Merry Functional Christmas

4 min read


By Bendik Solheim


December 24, 2019

You are now reading the last of our 24 blog posts on functional programming. We hope you have enjoyed our functional advent calendar, and maybe even learned something new. We have tried to keep a balance between introductory and slightly more advanced posts to make sure most people can find something interesting to read. Believe me – this ain’t as easy as it sounds!

This last post is a bit different from the 23 previous ones. There will not be a single theme this time. Instead, we have collected some of the presentations on functional programming that we have enjoyed the most, and remember the best. They have different themes, but are all enjoyable and enlightning. You might have seen some of them before, but hopefully you’ll find at least one you haven’t.

Happy holidays, thanks for joining us, and enjoy the talks!

Simple Made Easy – Rich Hickey

Link: infoq.com/presentations/Simple-Made-Easy

Length: 60 minutes

"Rich Hickey emphasizes simplicity’s virtues over easiness’, showing that while many choose easiness they may end up with complexity, and the better way is to choose easiness along the simplicity path."

Propositions as Types – Philip Wadler

Length: 40 minutes

"The principle of Propositions as Types links logic to computation. At first sight it appears to be a simple coincidence---almost a pun---but it turns out to be remarkably robust, inspiring the design of theorem provers and programming languages, and continuing to influence the forefronts of computing. Propositions as Types has many names and many origins, and is a notion with depth, breadth, and mystery. Learn why functional programming is (and is not) the universal programming language."

Functional Principles for Object Oriented developers – Jessica Kerr

Length: 60 minutes

"How is an expert OO developer to improve on their craft? By learning from other paradigms! These six principles of the functional style also apply to OO. Some are part of good practice already; some express patterns both old and new; all give us different ways of thinking about problems. For developers without expertise in functional programming, examples in Java and C# provide new techniques for writing clear, quality code."

Parsing lexical ambiguity with Elm and expressive types – Emma Tsujimoto Cunningham

Length: 20 minutes

"Parsing lexical ambiguity in natural language has always been a tricky endeavor, both from the perspective of formal linguistics as well as natural language processing. In this talk, we'll consider one of the canonical examples from linguistics, the "Buffalo buffalo Buffalo buffalo buffalo buffalo Buffalo buffalo." sentence from Dmitri Borgmann's 1967 "Beyond Language: Adventures in Word and Thought.""

The Power of Composition – Scott Wlaschin

Length: 60 minutes

"Composition is a fundamental principle of functional programming, but how is it different from an object-oriented approach, and how do you use it in practice? In this talk for beginners, we'll start by going over the basic concepts of functional programming, and then look at some different ways that composition can be used to build large things from small things. After that, we'll see how composition is used in practice, beginning with a simple FizzBuzz example, and ending with a complete (object-free!) web application."
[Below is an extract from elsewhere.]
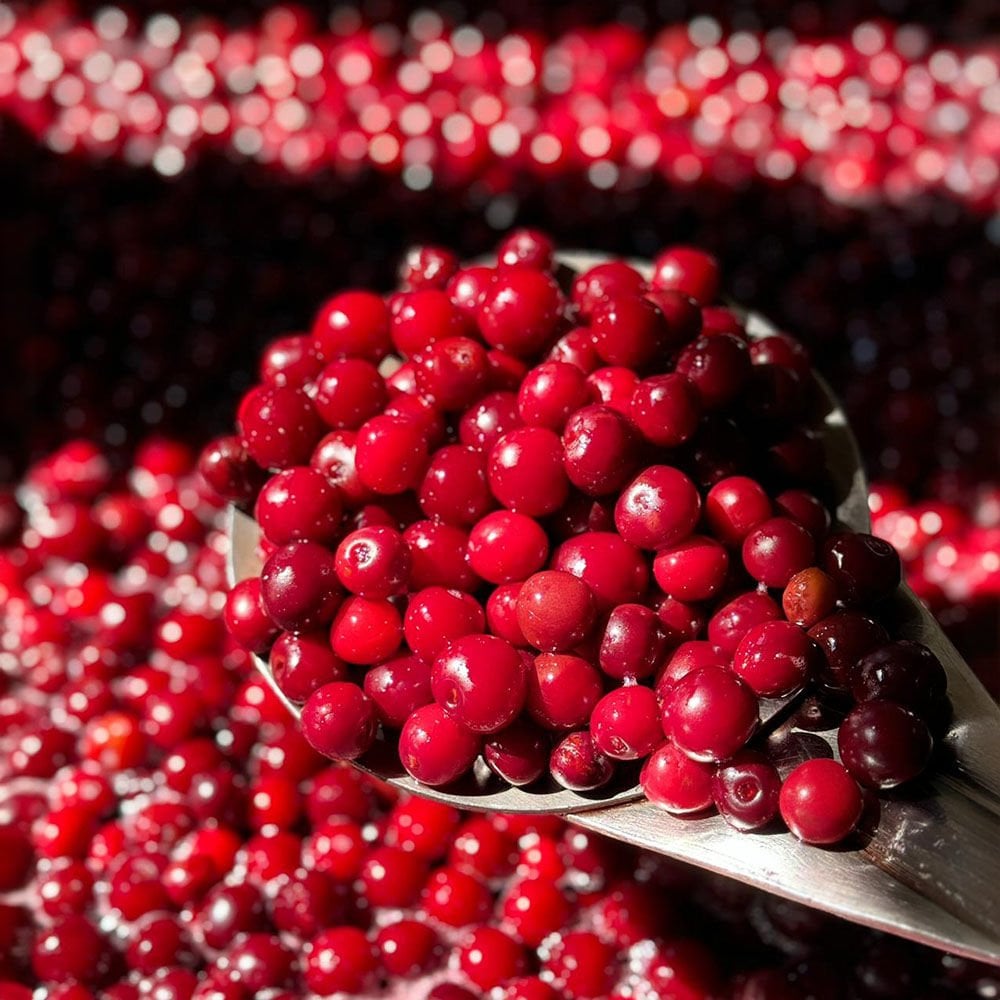 Vişne Kompostosu ( 850 Gr. Konsantre )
Why Isn't Functional Programming the Norm? – Richard Feldman

Length: 25 minutes

"Richard Feldman explores the reason why functional programming hasn’t taken over despite its advantages."

Functional Composition – Chris Ford

Length: 40 minutes

"Chris Ford demonstrates that music theory can be delightfully represented as code. He shows how to make music starting with the basic building block of sound, the sine wave, and gradually accumulates abstractions culminating in a canon by Johann Sebastian Bach. Examples will be live-coded in Clojure."

Communicating in Types – Kris Jenkins

Length: 40 minutes

"Modern type systems have come a long way from the days of C and Java. Far from being nit-pickers that berate us for making mistakes, type systems like the ones found in Haskell, PureScript and Elm form a language in themselves. A language for expressing high-level ideas about our software to our colleagues and to the computer. A design language. In this talk, we'll take a look at the way the right kind of type signatures let us talk about software. We'll survey how to state our assumptions about the domain we're coding in and how each part fits together. We'll show how it can highlight problems, and surface opportunities for reuse. And most importantly, we'll see how types can help you communicate to your coworkers, and to future maintainers, with little effort. You've probably heard the phrase, "programs are meant to be read by humans and only incidentally for computers to execute." Come and see how a modern type system is about communicating ideas to humans, and only incidentally about proving correctness."